Task requirements: The entries that follow must be given again exactly, with the pictures excluded.

Study material:

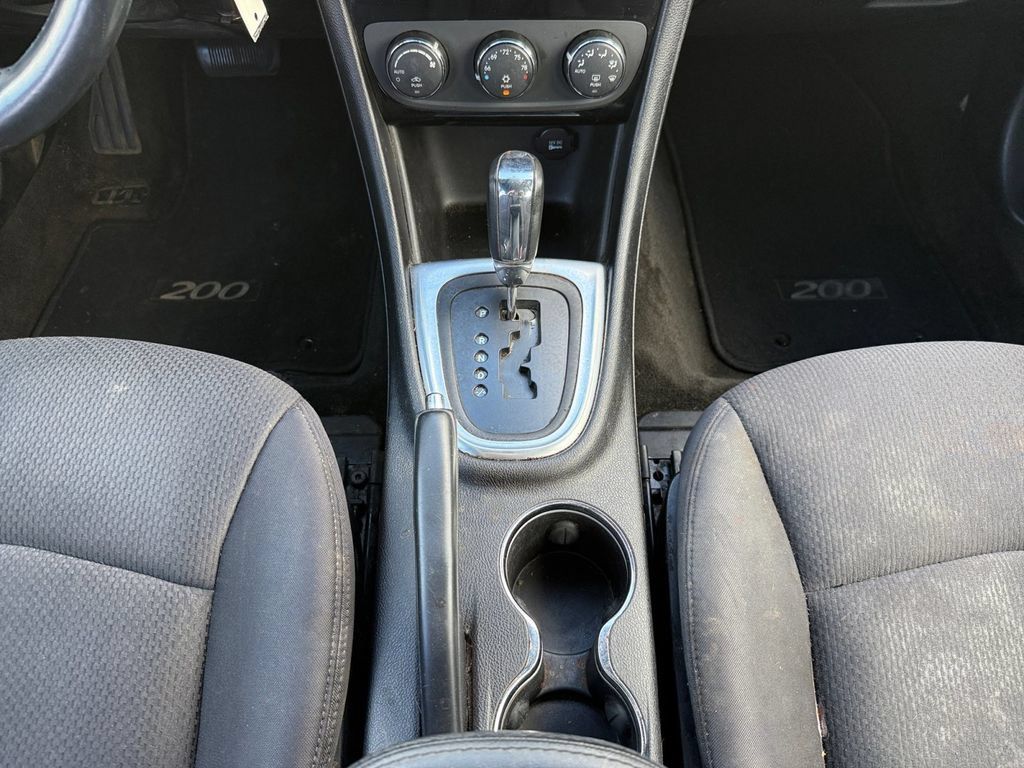 Used 2014 Chrysler 200 Touring FWD image 15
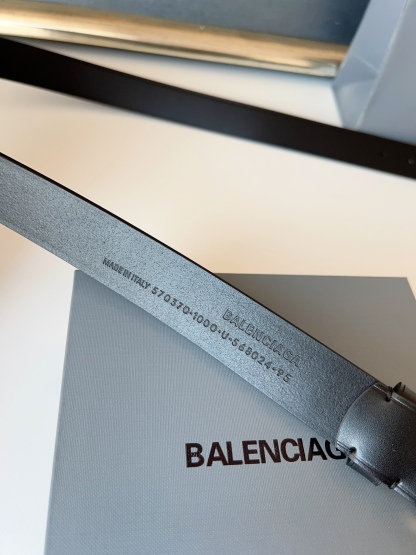 巴黎世家（Balenciaga）寬度3.0cm 是法國的奢侈品牌，作為時尚界最具影響力品牌之一的地位。設計師源於：都市時尚潮流獨特的設計風格，採用進口小牛皮製作；搭配純銅復古五金，使其更具魅力。值得擁有的百搭精品！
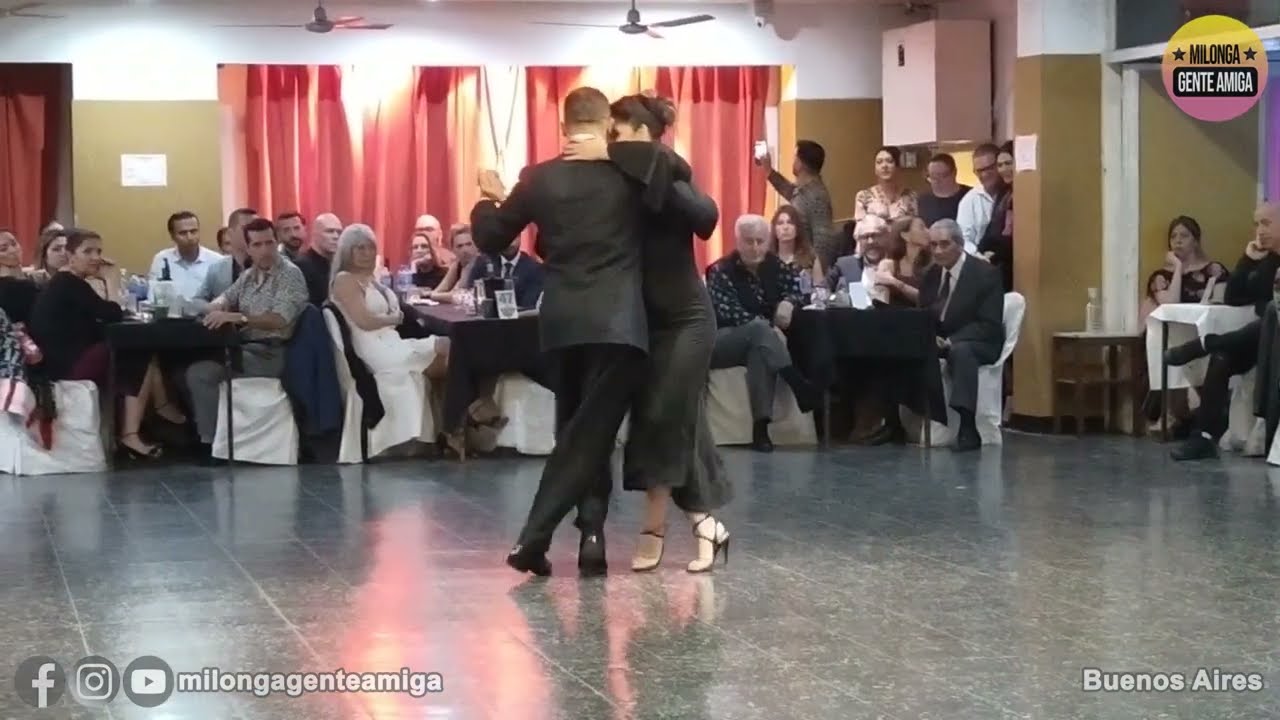 Frank Obregón y Majo Garcés  - Milonga Gente Amiga -  2022 (1 de 3)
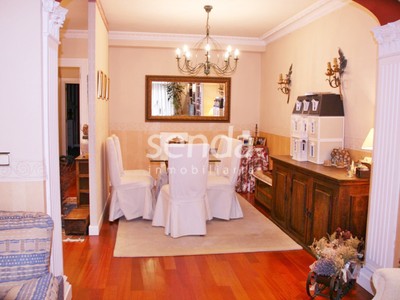 Piso en venta en Vitoria, Centro, con 3 dormitorios y 2 baños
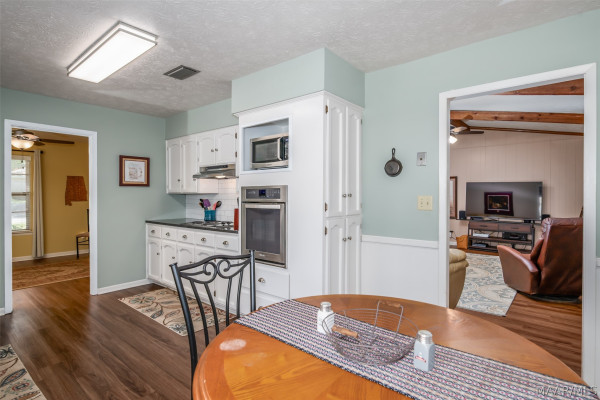 3875 Faunsdale Drive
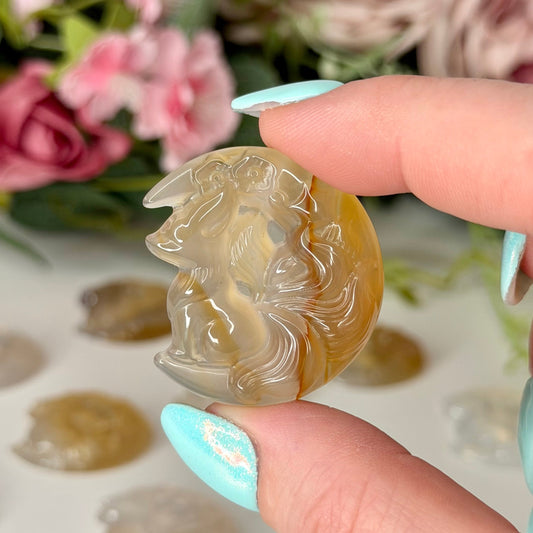 Agate 9 Tailed Fox Moon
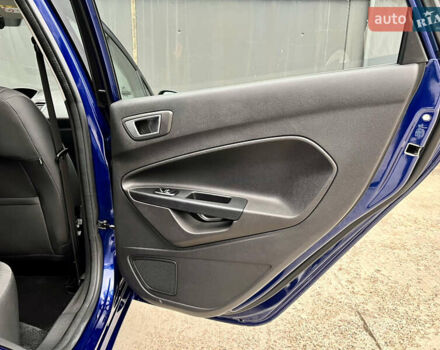 Синий Форд Фиеста, объемом двигателя 1 л и пробегом 53 тыс. км за 9500 $, фото 34 на Automoto.ua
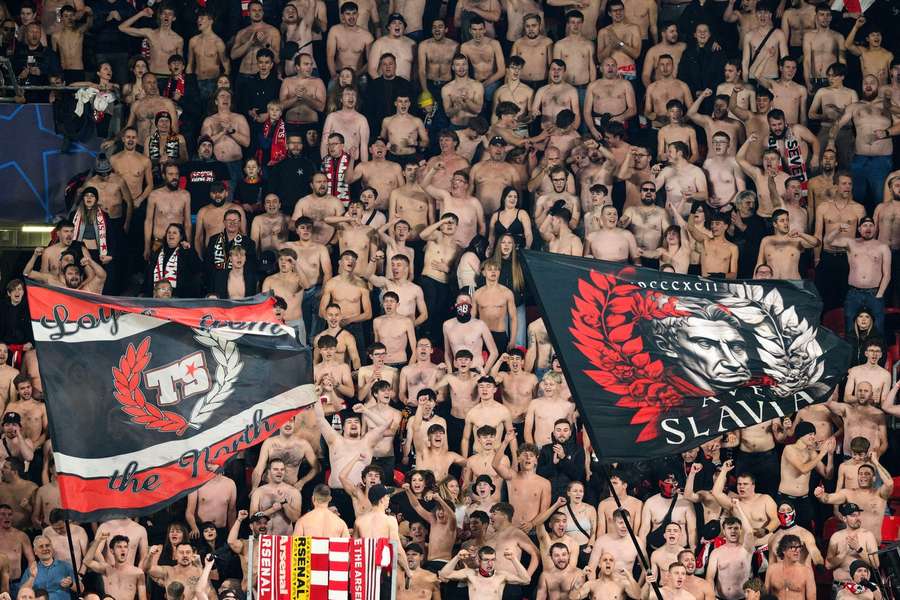 Slavia odtajnila, jak to bude se vstupenkami na Ligu mistrů. Slavia odtajnila, jak to bude se vstupenkami na Ligu mistrů.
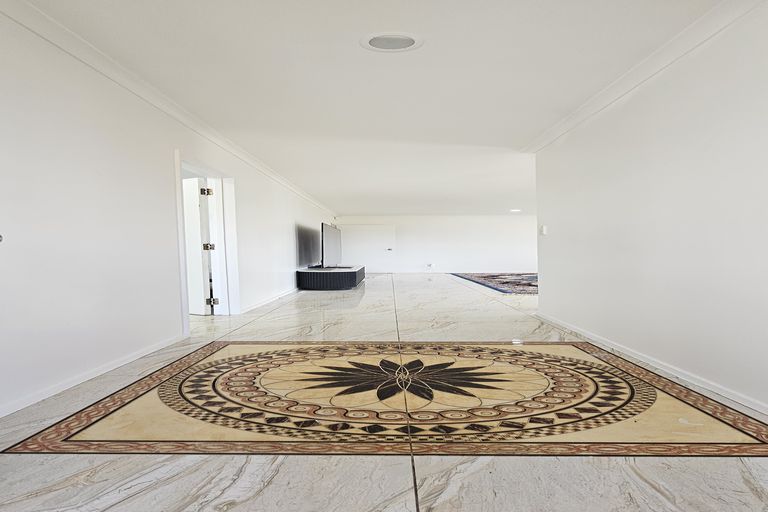 Photo of property in 28 Robert Ross Place, Clendon Park, Auckland, 2103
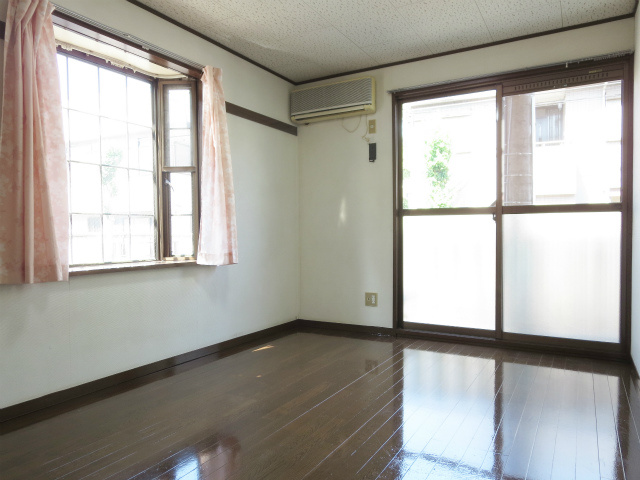 ファミーユ国分寺【洋室】２階角部屋で大変明るいお部屋です。フローリング６帖でエアコンや出窓、バルコニー付き。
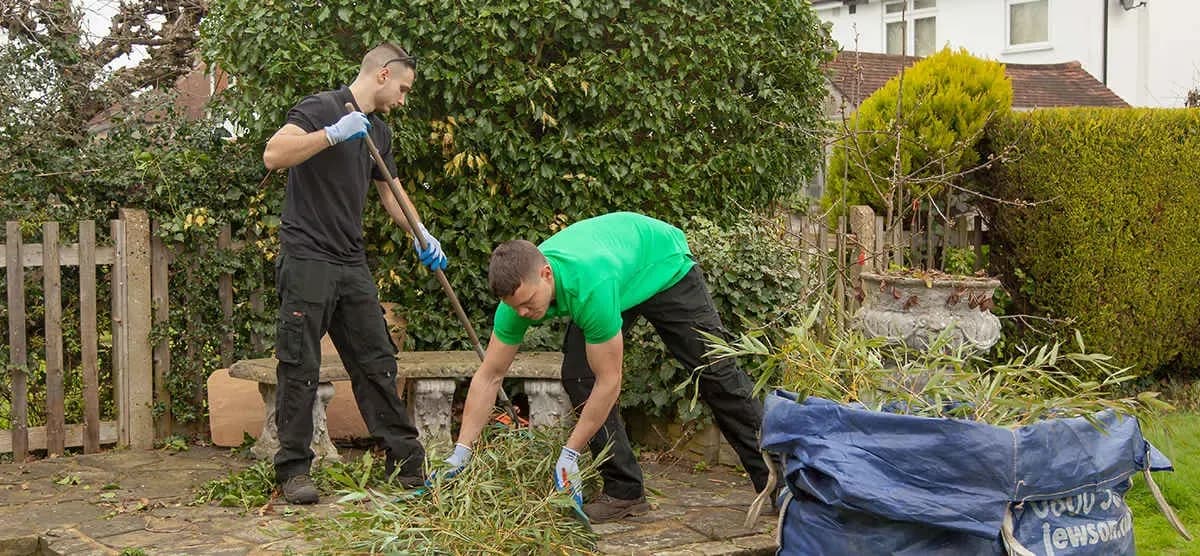 garden waste removal experts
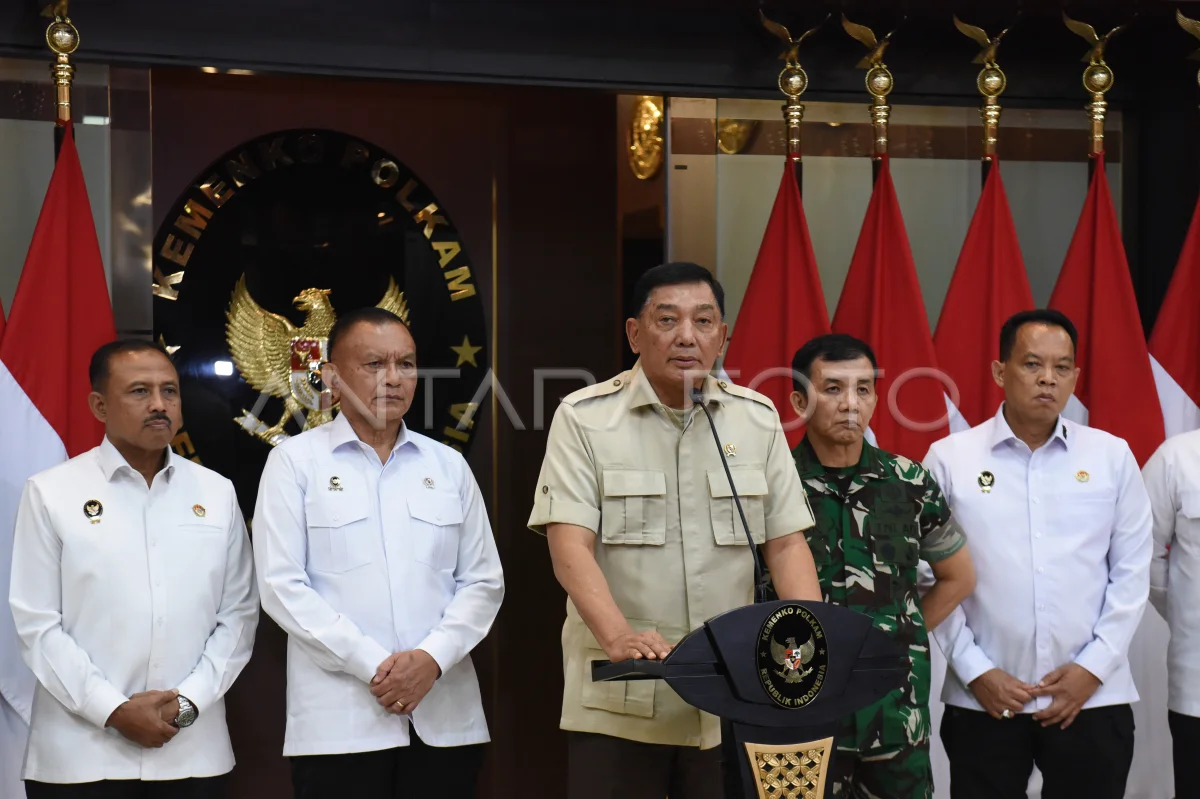 TNI Polri Bersatu Sapu Bersih Perusuh dan Pengacau Massa
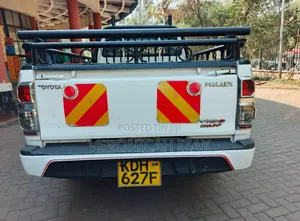 Toyota Hilux 2015 White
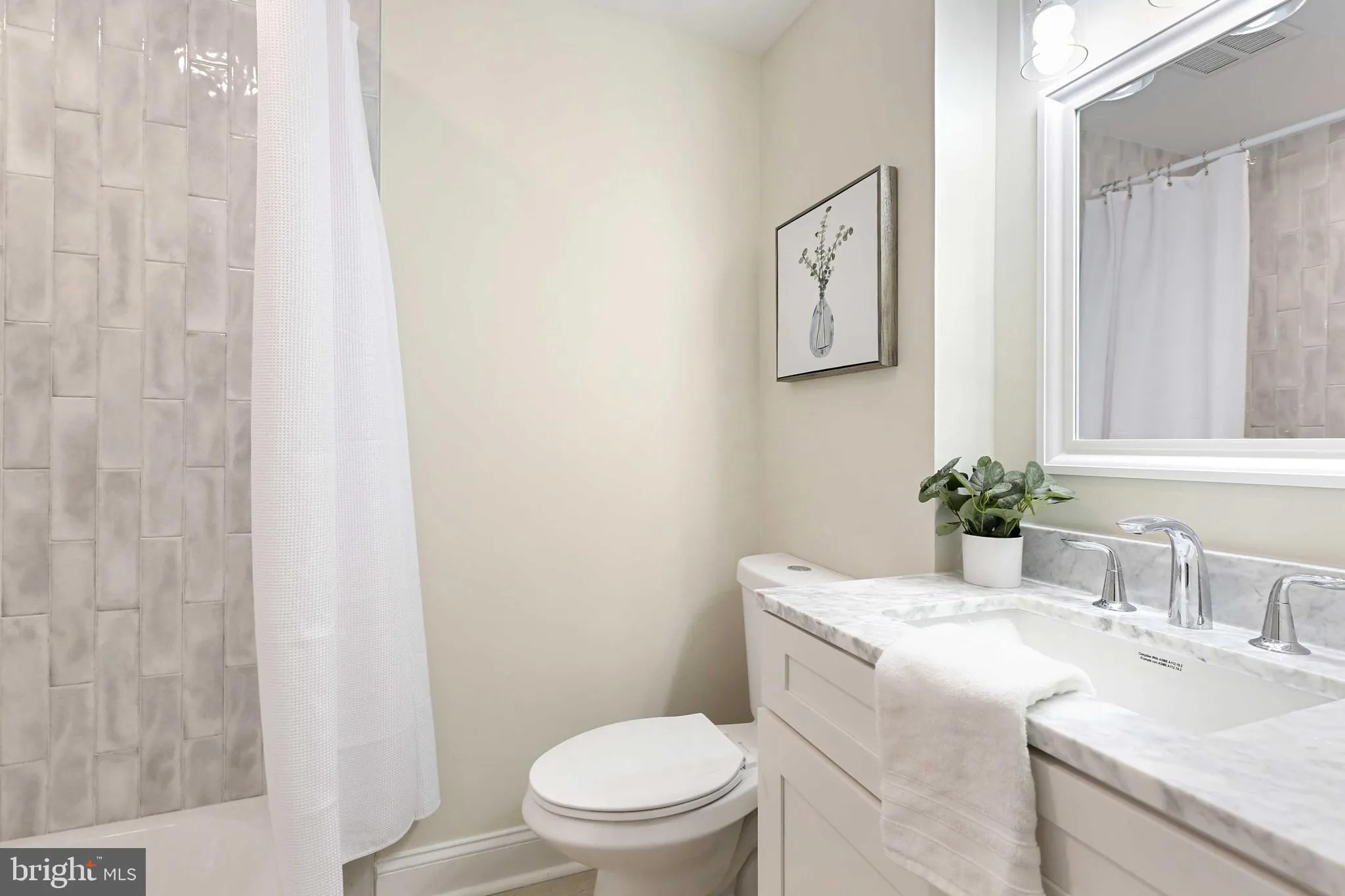 Baltimore, Maryland 21224, United States, 3 Bedrooms Bedrooms, ,3 BathroomsBathrooms,Residential,Active,85773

Solution to the exercise:
 Used 2014 Chrysler 200 Touring FWD image 15
 巴黎世家（Balenciaga）寬度3.0cm 是法國的奢侈品牌，作為時尚界最具影響力品牌之一的地位。設計師源於：都市時尚潮流獨特的設計風格，採用進口小牛皮製作；搭配純銅復古五金，使其更具魅力。值得擁有的百搭精品！
 Frank Obregón y Majo Garcés  - Milonga Gente Amiga -  2022 (1 de 3)
 Piso en venta en Vitoria, Centro, con 3 dormitorios y 2 baños
 3875 Faunsdale Drive
 Agate 9 Tailed Fox Moon
 Синий Форд Фиеста, объемом двигателя 1 л и пробегом 53 тыс. км за 9500 $, фото 34 на Automoto.ua
 Slavia odtajnila, jak to bude se vstupenkami na Ligu mistrů. Slavia odtajnila, jak to bude se vstupenkami na Ligu mistrů.
 Photo of property in 28 Robert Ross Place, Clendon Park, Auckland, 2103
 ファミーユ国分寺【洋室】２階角部屋で大変明るいお部屋です。フローリング６帖でエアコンや出窓、バルコニー付き。
 garden waste removal experts
 TNI Polri Bersatu Sapu Bersih Perusuh dan Pengacau Massa
 Toyota Hilux 2015 White
 Baltimore, Maryland 21224, United States, 3 Bedrooms Bedrooms, ,3 BathroomsBathrooms,Residential,Active,85773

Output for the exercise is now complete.